A novel ferroptosis-related lncRNA pair prognostic signature and nomogram for predicting the survival of patients with lung adenocarcinoma

Abstract

Abstract Purpose Ferroptosis is a novel programmed cell death process and is considered a feasible cancer treatment strategy. Long non-coding RNAs (lncRNAs) are key mediators of ferroptosis and iron metabolism in cancer. However, the prognosis of ferroptosis-related lncRNAs (FRLs) in lung adenocarcinoma (LUAD) remains unclear. Method RNA-seq data and clinical information of patients with LUAD were retrieved from GSE81089. Differentially expressed lncRNAs (DELs) and ferroptosis-related genes (DE-FRGs) were identified in LUAD and normaltissues, followed by the construction of a DEL and DE-FRG network to obtain FRLs. Univariate Cox regression and LASSO regression analyses were performed to select lncRNA pairs to construct a prognostic model. Receiver operating characteristic (ROC) curve analysis was used to assess the performance of the model.

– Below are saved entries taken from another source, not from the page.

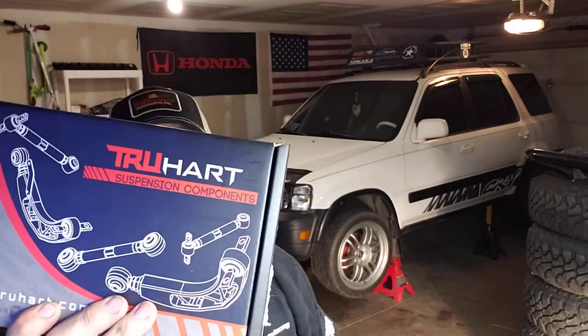About a hundred bucks, definitely worth it if you're gonna lift your CRV more than three inches - I highly recommend it. As far as being very lowered, I'll let you know when I lower this one pretty well and see how it plays. I didn't need them with the Maxfeding rod coilovers on my other one when I lowered it, which I'll do a video on too - surprisingly good for 250 bucks, those coilovers.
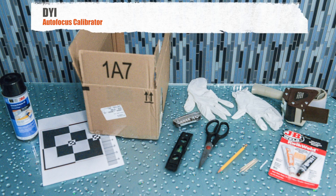Today we'll be building an autofocus calibrator. Everything required you will see down below in this picture — feel free to pause and take a look. The PDF file will also be available. If you want to see how to use it, just check the next video and we'll take you step by step.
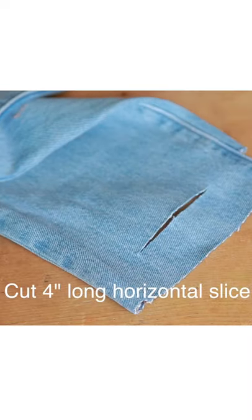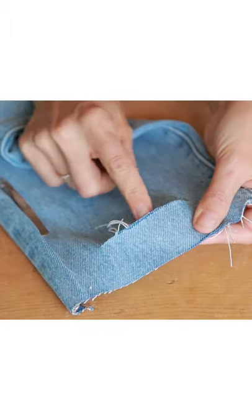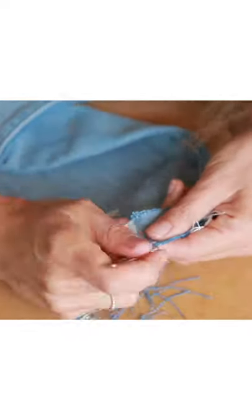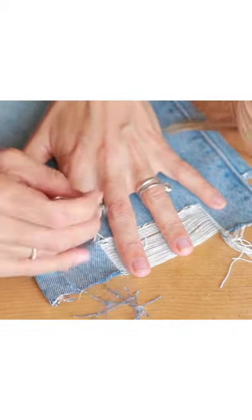For the shredded hem, you're gonna cut a slice in your jeans about two inches from the hemline, or however thick you want it to be. Use your fingers to loosen the threads, and once the blue ones start exposing themselves, grab a tweezer and start pulling the blue ones out. The more you do, the looser and easier it'll get, until the entire thing is removed and only the white threads remain.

Independent prognostic factors were screened to establish a nomogram model. Based on the optimal cut-off value, patients were classified into low-risk (LR) and high-risk (HR) groups. Differences in pathways, immune cell infiltration, immune checkpoint genes, and drug susceptibility between the two risk groups were evaluated. Results Eighteen FRL pairs were identified to construct a prognostic model, and patients were divided into LR and HR groups based on the median risk score of this model. Patients in the HR group had worse prognosis than those in the LR group. The area under the curve of the ROC curve verified that this model had good predictive ability. The pTNM stage and risk scores were independent prognostic factors that were used to develop the nomogram, which accurately predicted the survival of patients with LUAD. Functional analysis showed that starch and sucrose metabolism pathways were enriched in the LR group. Compared with the LR group, the HR group was associated with higher immune infiltration status, increased expression levels of immune checkpoints (BTLA, CD274, and HAVCR2), and higher drug sensitivity. Conclusion In conclusion, our prognostic model containing 18 FRL pairs showed excellent predictive ability for LUAD prognosis. This may guide personalized immunotherapy strategies for patients with LUAD.